● DATA EXTRACTS
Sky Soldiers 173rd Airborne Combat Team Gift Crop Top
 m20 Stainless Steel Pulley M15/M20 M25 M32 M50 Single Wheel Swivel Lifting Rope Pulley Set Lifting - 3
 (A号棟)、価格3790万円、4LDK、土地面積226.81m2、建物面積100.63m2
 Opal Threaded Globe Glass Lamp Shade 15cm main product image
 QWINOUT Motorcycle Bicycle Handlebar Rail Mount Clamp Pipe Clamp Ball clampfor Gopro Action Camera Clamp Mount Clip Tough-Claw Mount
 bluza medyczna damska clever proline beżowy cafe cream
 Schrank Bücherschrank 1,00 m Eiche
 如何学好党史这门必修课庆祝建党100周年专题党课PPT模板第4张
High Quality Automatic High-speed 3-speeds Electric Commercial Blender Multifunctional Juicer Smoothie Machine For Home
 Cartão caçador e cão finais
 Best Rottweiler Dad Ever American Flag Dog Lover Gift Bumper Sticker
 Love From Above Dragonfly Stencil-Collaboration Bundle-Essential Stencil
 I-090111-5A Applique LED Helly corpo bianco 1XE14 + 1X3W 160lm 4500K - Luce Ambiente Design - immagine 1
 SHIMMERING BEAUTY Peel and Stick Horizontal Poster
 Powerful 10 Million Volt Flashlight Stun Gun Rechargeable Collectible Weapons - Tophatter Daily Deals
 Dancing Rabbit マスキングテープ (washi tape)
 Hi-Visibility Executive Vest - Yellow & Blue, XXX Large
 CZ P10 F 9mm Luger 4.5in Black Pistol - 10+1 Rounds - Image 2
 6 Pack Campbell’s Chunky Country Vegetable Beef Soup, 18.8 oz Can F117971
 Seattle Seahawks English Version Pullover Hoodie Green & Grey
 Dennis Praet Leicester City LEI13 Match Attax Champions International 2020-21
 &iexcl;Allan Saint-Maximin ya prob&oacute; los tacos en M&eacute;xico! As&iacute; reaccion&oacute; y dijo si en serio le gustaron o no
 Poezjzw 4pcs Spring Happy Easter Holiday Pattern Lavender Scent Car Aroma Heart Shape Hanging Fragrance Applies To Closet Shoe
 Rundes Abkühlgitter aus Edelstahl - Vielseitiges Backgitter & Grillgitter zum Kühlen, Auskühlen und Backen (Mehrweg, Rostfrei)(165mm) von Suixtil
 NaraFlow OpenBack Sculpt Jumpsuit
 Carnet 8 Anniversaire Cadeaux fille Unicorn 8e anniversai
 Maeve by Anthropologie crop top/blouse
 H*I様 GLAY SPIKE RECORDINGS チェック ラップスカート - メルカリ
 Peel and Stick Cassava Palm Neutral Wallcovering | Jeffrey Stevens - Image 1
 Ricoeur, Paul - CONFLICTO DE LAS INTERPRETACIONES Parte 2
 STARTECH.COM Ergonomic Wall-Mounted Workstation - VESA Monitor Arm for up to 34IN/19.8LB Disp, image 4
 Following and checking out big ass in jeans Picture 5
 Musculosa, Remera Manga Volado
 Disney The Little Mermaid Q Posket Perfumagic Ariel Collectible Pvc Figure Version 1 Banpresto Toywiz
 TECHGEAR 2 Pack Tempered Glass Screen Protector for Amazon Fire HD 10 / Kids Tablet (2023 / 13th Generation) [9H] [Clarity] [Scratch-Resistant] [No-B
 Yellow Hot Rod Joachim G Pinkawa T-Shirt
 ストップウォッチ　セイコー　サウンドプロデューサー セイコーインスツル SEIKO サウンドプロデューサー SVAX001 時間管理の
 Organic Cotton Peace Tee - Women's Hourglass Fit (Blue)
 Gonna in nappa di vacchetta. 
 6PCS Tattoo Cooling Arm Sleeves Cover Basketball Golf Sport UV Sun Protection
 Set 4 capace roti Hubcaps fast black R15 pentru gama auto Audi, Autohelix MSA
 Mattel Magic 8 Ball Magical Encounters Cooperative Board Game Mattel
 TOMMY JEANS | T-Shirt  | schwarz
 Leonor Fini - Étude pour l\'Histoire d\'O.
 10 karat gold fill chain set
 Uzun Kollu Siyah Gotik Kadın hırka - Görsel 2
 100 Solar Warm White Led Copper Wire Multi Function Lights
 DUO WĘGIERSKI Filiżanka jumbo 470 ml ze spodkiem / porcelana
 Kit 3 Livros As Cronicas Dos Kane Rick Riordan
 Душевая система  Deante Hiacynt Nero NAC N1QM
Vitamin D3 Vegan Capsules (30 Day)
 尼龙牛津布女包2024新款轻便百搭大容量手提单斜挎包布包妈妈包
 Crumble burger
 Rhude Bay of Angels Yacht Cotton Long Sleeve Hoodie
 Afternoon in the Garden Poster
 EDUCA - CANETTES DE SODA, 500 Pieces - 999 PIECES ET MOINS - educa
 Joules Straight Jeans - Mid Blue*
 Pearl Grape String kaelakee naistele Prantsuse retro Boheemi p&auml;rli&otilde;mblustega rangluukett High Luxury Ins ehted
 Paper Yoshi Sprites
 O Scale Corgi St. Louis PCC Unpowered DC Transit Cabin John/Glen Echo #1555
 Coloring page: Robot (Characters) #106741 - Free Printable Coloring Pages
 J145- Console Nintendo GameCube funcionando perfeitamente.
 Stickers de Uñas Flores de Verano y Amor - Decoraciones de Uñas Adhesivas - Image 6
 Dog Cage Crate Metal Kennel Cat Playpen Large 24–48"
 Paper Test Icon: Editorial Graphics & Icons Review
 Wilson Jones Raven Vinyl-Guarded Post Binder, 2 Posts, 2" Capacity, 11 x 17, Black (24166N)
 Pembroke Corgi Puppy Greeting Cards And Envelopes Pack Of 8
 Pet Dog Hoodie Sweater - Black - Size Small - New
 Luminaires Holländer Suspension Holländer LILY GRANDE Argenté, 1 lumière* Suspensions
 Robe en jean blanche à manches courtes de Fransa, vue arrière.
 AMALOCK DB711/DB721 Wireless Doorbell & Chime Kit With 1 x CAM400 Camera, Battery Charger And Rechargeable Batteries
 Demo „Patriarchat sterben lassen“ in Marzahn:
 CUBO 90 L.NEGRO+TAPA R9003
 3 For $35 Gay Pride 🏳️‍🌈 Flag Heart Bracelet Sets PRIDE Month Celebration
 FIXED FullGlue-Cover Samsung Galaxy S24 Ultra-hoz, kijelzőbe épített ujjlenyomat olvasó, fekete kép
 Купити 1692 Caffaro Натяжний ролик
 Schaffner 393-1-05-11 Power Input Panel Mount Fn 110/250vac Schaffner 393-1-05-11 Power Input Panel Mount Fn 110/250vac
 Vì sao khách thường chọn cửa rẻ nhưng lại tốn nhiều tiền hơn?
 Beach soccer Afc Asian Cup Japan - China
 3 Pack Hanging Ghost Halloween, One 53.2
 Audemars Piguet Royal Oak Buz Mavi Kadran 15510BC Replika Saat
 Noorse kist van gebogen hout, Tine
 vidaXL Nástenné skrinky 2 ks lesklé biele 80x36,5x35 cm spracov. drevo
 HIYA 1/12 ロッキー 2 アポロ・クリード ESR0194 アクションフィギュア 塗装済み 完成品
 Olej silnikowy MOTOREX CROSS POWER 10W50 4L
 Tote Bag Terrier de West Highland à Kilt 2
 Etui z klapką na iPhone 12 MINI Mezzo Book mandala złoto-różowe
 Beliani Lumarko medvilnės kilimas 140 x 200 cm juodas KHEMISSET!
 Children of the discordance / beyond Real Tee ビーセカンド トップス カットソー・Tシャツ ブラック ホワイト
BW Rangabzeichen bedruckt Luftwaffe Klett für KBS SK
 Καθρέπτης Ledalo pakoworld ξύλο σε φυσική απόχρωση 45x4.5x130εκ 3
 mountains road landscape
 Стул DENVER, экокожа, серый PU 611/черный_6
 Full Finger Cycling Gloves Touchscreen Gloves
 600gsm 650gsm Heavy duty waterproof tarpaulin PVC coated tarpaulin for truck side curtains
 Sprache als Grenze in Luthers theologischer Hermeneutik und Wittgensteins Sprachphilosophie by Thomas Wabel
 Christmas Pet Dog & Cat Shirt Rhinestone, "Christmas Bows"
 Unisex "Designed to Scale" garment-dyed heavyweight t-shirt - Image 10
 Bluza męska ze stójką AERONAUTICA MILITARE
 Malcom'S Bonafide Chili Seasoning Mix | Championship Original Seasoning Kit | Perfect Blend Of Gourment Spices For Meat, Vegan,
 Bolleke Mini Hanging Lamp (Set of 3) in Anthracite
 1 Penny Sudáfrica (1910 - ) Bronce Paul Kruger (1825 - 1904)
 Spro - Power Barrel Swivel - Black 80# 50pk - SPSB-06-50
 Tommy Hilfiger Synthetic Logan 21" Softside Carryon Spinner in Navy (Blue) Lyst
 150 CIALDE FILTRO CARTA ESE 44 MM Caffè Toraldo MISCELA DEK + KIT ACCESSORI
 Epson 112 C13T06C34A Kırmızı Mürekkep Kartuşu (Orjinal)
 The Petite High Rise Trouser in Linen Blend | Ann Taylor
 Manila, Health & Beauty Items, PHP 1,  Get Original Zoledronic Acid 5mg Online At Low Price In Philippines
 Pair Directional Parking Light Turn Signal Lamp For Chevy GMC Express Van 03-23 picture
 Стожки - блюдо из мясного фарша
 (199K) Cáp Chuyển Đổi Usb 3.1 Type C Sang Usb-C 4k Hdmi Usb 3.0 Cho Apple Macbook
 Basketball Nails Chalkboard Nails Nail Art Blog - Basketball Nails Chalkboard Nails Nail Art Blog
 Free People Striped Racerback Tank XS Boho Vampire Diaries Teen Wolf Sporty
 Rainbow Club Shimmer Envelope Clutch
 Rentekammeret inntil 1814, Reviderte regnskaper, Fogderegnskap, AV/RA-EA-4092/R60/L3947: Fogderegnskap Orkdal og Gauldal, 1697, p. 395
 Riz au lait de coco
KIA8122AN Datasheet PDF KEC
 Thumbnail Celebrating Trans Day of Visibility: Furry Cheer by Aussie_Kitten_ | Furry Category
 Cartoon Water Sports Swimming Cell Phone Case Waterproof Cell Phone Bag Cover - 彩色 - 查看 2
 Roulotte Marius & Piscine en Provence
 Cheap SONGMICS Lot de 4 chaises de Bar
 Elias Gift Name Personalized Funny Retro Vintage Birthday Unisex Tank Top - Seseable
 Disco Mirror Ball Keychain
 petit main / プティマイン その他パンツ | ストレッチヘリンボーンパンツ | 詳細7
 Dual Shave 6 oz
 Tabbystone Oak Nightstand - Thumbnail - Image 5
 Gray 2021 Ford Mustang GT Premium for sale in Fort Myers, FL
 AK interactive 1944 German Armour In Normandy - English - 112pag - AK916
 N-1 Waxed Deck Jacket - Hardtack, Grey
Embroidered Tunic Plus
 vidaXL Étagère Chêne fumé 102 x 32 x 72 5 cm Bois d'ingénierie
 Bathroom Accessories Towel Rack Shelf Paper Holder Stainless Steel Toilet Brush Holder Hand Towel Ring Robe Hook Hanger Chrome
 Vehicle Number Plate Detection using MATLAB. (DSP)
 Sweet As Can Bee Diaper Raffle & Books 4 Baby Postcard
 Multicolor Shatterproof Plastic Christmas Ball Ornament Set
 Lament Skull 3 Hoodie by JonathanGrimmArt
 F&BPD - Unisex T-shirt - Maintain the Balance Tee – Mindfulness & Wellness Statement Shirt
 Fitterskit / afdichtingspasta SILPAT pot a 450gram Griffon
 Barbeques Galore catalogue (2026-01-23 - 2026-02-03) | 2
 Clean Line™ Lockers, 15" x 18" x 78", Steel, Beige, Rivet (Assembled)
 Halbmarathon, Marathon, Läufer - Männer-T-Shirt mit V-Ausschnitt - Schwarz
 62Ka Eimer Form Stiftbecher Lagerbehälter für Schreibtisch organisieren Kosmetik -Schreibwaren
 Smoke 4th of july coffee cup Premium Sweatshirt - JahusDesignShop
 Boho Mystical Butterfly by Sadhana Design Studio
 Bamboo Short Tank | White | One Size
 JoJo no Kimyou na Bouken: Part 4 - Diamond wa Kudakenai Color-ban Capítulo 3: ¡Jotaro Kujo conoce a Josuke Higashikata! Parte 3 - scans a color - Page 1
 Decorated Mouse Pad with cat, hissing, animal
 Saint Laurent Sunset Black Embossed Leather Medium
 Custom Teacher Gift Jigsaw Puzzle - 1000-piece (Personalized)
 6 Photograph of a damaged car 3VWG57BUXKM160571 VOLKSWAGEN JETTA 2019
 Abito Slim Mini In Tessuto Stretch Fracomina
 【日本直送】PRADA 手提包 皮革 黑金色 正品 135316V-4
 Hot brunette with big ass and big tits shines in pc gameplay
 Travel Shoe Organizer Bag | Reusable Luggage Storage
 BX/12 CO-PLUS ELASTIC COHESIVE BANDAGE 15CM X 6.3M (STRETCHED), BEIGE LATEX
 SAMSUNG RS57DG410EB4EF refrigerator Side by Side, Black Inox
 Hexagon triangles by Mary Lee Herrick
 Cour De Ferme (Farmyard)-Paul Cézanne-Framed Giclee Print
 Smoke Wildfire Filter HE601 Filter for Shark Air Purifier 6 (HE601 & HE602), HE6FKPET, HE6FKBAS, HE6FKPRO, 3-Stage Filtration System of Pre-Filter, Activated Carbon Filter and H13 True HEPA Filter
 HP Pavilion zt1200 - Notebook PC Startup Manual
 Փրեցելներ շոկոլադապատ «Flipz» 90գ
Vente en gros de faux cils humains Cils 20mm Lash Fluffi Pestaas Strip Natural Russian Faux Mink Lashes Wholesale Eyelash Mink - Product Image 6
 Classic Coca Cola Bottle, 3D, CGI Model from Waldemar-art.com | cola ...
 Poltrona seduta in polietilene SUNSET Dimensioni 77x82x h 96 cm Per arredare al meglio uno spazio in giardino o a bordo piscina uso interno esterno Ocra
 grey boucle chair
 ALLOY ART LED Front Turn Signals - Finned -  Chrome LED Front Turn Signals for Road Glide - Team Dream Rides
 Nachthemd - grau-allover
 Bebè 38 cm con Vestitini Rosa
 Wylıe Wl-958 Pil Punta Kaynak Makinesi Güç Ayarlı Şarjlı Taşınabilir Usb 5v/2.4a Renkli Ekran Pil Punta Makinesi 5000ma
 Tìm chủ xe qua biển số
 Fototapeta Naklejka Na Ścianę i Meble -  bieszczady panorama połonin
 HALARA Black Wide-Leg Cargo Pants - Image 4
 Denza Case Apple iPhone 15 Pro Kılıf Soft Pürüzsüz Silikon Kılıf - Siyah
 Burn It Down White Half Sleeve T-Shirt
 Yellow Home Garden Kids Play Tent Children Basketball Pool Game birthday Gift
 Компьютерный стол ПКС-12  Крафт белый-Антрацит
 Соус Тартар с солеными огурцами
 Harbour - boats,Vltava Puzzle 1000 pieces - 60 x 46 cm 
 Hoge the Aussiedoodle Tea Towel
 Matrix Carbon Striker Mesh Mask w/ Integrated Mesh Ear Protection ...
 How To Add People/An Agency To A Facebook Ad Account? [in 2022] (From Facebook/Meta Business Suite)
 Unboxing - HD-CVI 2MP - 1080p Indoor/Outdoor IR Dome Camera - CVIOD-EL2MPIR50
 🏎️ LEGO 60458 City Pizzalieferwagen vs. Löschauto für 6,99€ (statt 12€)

● PROBLEM DESCRIPTION
Your answer must consist solely of the lines above between the line holding "Organic Cotton Peace" and the line holding "DUO WĘGIERSKI Filiżanka", inclusive, copied exactly.

● SOLUTION FOR THIS EXERCISE
 Organic Cotton Peace Tee - Women's Hourglass Fit (Blue)
 Gonna in nappa di vacchetta. 
 6PCS Tattoo Cooling Arm Sleeves Cover Basketball Golf Sport UV Sun Protection
 Set 4 capace roti Hubcaps fast black R15 pentru gama auto Audi, Autohelix MSA
 Mattel Magic 8 Ball Magical Encounters Cooperative Board Game Mattel
 TOMMY JEANS | T-Shirt  | schwarz
 Leonor Fini - Étude pour l\'Histoire d\'O.
 10 karat gold fill chain set
 Uzun Kollu Siyah Gotik Kadın hırka - Görsel 2
 100 Solar Warm White Led Copper Wire Multi Function Lights
 DUO WĘGIERSKI Filiżanka jumbo 470 ml ze spodkiem / porcelana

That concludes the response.